NEEDS is a four-year poverty reduction and socio-economic development strategy, targeting poverty reduction, wealth creation, employment generation and value reorientation. It is based on measures to empower people, such as increased resources to education; measures to grow the private sector, by fostering a conducive environment; and changing the role of government.

NEEDS marks Nigeria’s first attempt to align federal economic policies and objectives with state polices, based on agreed priorities and compelling tighter co-ordination between the different tiers of government.

Elections 2007

If there is a dent in the confidence of Nigeria’s reformists that the momentum of reform is assured, it is caused by the concern for the outcome of the 2007 presidential elections. Despite the elections being more than two and a half years away, even the most optimistic reformists acknowledge that President Olusegun Obasanjo’s current four-year term affords too little time to complete the restructuring of state and economy.
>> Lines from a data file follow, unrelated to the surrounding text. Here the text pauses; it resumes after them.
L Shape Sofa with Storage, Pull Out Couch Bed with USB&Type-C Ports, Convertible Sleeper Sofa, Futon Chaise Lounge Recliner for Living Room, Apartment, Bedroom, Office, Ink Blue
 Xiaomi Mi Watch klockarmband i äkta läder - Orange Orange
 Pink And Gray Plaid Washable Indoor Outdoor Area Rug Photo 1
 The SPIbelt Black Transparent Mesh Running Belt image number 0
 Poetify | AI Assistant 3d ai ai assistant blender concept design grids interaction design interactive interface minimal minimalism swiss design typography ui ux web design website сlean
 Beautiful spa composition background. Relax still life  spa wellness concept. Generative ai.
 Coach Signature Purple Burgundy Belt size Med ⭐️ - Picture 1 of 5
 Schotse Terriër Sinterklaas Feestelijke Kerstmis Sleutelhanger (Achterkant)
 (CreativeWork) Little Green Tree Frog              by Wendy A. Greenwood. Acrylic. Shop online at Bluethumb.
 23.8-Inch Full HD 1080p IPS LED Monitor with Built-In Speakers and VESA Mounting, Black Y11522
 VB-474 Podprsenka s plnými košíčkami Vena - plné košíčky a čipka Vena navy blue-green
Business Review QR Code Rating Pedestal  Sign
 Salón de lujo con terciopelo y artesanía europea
The risk, they say, is that the reforms will not be irreversible by 2007 and ordinary Nigerians, having endured only the pain of reform and not yet the benefit, will vote into power a populist leader.

In the minds of many Nigerians, the 2007 election will be a showdown between two individuals: the former military leader Ibrahim Badamasi Babangida and incumbent vice-president Atiku Abubakar. So far, neither man has publicly declared his intention but there is no paucity of posturing.

Mr Babangida is remembered for his decision to annul the 1993 elections. Then military leader of Nigeria, he attracted international condemnation but his decision, and allegations of corruption and human rights abuse, have never been investigated.

As vice-president, Mr Abubakar appears the logical choice to ensure continuity of the reforms but insiders privately question his commitment to the process.

Mr Obasanjo recently dismissed suggestions that he would choose his successor, saying only that it was the responsibility of the ruling Peoples Democratic Party to put forward a candidate. He has also ordered a stop to any presidential campaigning before 2006, a move interpreted as a way of preventing any distraction from the reform programme.

One other possibility is that Mr Obasanjo remains in power for a constitution-busting third term. He has ruled it out publicly but speculation persists.

In Nigeria, in such matters, nothing is ever exactly what it seems. In a country fragmented along tribal, ethnic and religious lines, political power is shaped by patronage, with a multitude of interest groups lobbying hard and cutting deals behind the scenes. If the present level of interest in the 2007 election is an indicator, it will doubtlessly grow exponentially towards the time.

The country’s reformists are pragmatic, fast-tracking reform implementation and – more importantly – preparing legislation to entrench it. The hope, they say, is that the laws and stronger institutions that are created now will prevent a new leader from rolling back reform.